A well-designed form is a rarity, and a huge boost to any website. Most forms, online or off, are not well designed. Following a few simple rules will help both your client and their customers:
- Users do not want to fill out forms. The more rewarding you can make the experience for them, the better. Offer them something: a discount, entry into a competition, a free brochure.
Do not ask for information you don’t need. The less the user has to fill out, the more likely s/he is to complete the form. Make areas of the form that are optional clearly voluntary.
- If you have to ask for a lot of information, split the form into several pages, retaining the information the user has filled out on the first page in a session cookie or other technology. (We will be covering these possibilities next semester).
- Break requested information down into manageable and comprehensible units. Do not ask for a person’s name in a single field; instead, ask for their first and last names in separate fields.

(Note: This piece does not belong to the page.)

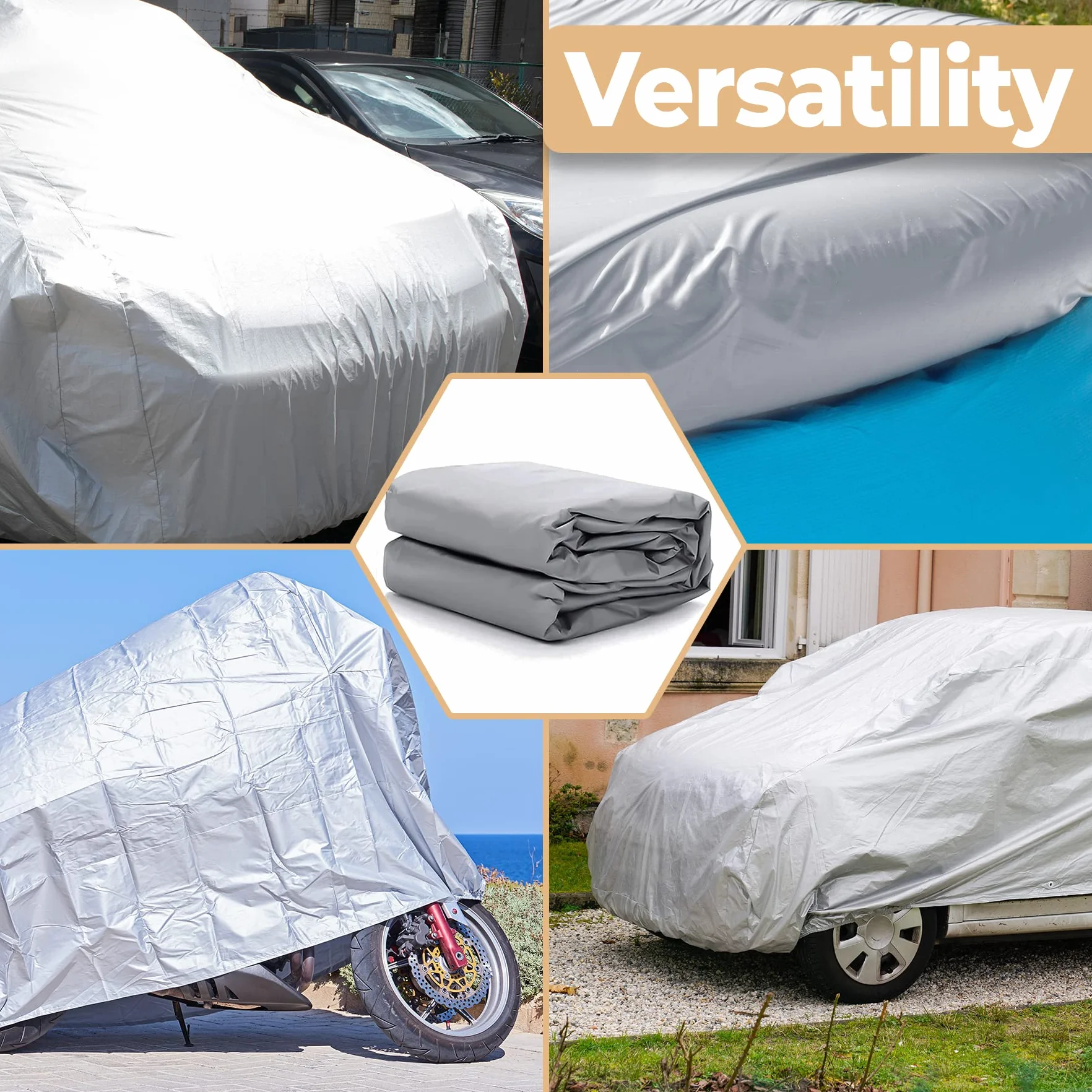 Retoo Plandeka samochodowa PEVA 480x175x120 cm wodoszczelna wiatroszczelna na auto 4,5-4,75m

- Rather than asking for telephone area code and the rest of the phone number on separate lines, make them two or three fields next to each other, with brackets to indicate where the area code should be entered, like this:
<label for="areacode">Phone</label> (<input name="areacode" type="tel" id="areacode" size="3">) <input name="phoneno" type="tel" id="phoneno" size="3"> <input name="phoneno2" type="tel" id="phoneno2" size="4">
- Remember to include enough room for extraneous characters (the dash in a postal code, for example) that users may include by habit; typically, those will be stripped out before placing the information in a database.
- If you're in a rush, and don't mind using something with less customisation, you could use a form builder, such as Wufoo, JotForm, or FormAssembly. All of these utilities also offer basic form processing and eMail response, meaning that you do not have to write your own PHP.